There is not always a consumer victim, meaning no one individual is banging down the door of a bank to complain that their identity was stolen. But Cunha highlighted the possibility of criminals using younger peoples’ social security numbers since they often don’t apply for credit until they’re 18 and won’t notice a difference in their score.
This type of fraud has “sharply increased” over the past decade, according to Julie Conroy, research director for Aite Group’s fraud and anti-money laundering practice. In a recent survey, most bankers told the firm that synthetic identity fraud problem is bigger than the losses they take as a result of identity theft. One factor making it easier to piece together real identities is information being sold on the dark web after data breaches.

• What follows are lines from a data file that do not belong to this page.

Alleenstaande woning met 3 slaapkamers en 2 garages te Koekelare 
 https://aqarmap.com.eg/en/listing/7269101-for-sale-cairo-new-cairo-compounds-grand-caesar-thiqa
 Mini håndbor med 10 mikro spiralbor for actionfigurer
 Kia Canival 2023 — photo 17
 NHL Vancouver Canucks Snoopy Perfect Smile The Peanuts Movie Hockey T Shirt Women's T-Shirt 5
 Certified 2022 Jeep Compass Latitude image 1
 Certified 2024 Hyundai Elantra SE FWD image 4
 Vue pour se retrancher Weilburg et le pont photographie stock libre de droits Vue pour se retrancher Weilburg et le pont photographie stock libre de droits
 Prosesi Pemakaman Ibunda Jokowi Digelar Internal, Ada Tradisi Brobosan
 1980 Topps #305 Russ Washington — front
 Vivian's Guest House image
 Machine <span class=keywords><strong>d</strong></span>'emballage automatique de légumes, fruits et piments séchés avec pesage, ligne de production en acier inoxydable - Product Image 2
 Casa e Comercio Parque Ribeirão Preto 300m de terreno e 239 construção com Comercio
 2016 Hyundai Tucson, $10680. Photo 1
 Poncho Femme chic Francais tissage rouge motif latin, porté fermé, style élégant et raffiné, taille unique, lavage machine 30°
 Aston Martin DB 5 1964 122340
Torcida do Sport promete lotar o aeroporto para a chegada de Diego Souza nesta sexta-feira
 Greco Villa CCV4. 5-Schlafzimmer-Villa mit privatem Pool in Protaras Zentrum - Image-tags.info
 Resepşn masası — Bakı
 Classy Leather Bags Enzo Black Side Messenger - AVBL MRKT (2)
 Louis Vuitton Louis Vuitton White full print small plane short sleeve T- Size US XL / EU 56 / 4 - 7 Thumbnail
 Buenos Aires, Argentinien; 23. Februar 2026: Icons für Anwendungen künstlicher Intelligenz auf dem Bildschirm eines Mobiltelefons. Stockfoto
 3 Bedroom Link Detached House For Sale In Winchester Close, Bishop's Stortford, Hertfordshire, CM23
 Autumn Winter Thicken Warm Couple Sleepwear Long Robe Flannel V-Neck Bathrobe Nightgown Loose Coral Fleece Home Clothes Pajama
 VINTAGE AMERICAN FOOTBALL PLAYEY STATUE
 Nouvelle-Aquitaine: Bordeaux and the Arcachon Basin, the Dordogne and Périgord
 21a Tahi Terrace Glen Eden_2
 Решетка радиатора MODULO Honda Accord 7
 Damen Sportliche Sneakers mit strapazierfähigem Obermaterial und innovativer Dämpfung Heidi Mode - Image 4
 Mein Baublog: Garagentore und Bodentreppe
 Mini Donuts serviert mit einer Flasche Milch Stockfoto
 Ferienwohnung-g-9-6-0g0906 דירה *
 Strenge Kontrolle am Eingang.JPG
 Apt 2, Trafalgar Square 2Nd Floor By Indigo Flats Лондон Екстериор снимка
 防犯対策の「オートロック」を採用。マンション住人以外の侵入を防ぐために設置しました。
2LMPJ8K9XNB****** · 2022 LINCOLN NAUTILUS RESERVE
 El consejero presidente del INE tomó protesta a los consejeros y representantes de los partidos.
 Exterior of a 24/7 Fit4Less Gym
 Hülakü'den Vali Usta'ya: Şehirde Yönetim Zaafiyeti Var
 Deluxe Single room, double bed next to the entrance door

“Criminals take a Social Security number here, and a name there, and bring them together to form a new Frankenstein person,” Conroy said. The recent economic boom is also allowing credit issuers to loosen standards and that makes it “easier for a new synthetic record to get a foothold with the bureaus,” she said.
In 2011, the Social Security Administration decided to start randomizing the issuance of Social Security numbers, which Conroy said has made it easier to pick a random social security number without being flagged. There used to be a logic of a person being born in 1984, and a social security number having digits consistent with that year.
“All of that logic went out the window, making it a lot easier for fraudsters to just pull a nine digit number out of the out of thin air,” she said. “Collectors might track down folks and come across the person that owns the social security number -but none of the other identity information matched because it wasn’t synthetic.”
Some of the knowledge-based verification questions from lenders -including “did you live at that address?” or “what type of car did you drive?” can be easily answered by these criminals if they were the ones who formed the identity in the first place.
“What was most concerning was the fact that these new members to the credit union who applied online, passed the knowledge-based authentication questions with flying colors,” Notre Dame Credit Union’s Vitale said. “This was a highly coordinated attack on us, for a significant amount of money.”